## INSTRUCTIONS TO FOLLOW:
Quote exactly and only this range of lines in the data below: the line that holds "nervous short 20" to the line that holds "Item preview, The", both included.

## EXCERPTED RECORDS:
────
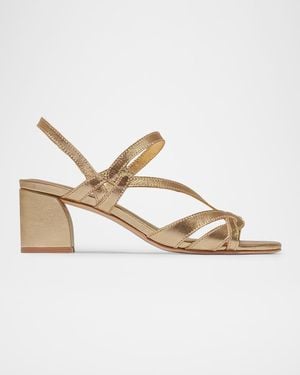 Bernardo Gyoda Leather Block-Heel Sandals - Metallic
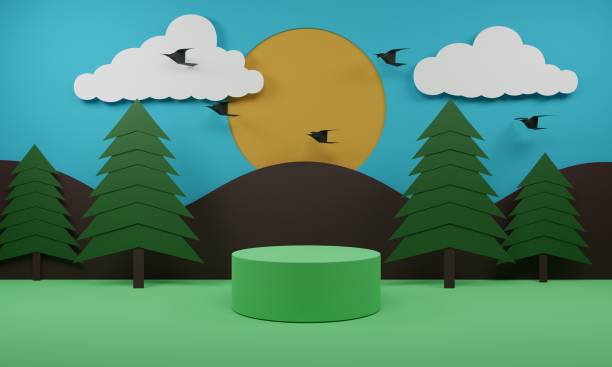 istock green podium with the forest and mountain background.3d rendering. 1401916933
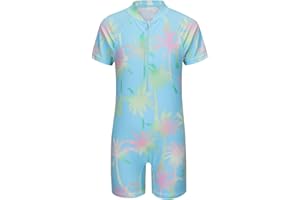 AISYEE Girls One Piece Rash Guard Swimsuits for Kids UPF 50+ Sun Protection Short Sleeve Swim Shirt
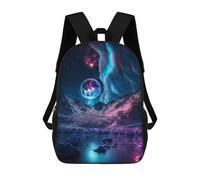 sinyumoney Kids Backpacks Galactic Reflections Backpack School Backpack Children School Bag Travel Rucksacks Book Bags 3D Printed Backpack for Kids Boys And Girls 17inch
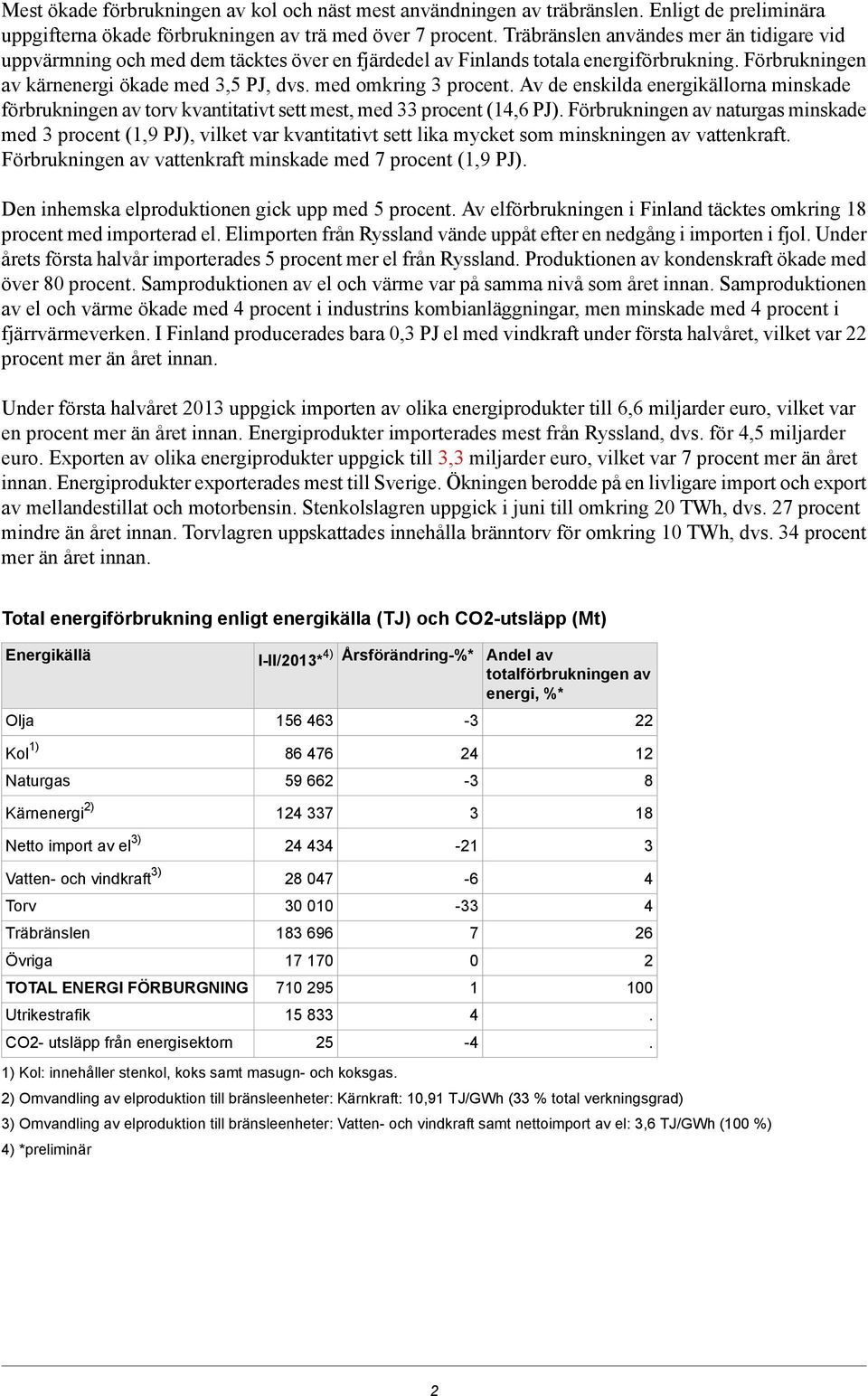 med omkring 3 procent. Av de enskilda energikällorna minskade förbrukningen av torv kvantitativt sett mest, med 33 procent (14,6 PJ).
────
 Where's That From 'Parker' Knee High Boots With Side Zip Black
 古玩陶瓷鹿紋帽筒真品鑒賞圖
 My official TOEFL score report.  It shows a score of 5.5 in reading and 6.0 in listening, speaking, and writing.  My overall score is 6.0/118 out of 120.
────
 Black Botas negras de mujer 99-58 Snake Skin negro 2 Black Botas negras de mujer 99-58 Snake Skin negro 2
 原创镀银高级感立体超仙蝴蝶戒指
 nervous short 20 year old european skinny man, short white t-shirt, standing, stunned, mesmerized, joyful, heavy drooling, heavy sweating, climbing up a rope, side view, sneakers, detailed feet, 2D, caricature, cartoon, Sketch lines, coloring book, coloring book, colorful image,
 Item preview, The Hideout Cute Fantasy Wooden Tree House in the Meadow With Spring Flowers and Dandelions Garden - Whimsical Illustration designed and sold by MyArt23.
────
## SOLUTION FOR THIS PROBLEM:
 nervous short 20 year old european skinny man, short white t-shirt, standing, stunned, mesmerized, joyful, heavy drooling, heavy sweating, climbing up a rope, side view, sneakers, detailed feet, 2D, caricature, cartoon, Sketch lines, coloring book, coloring book, colorful image,
 Item preview, The Hideout Cute Fantasy Wooden Tree House in the Meadow With Spring Flowers and Dandelions Garden - Whimsical Illustration designed and sold by MyArt23.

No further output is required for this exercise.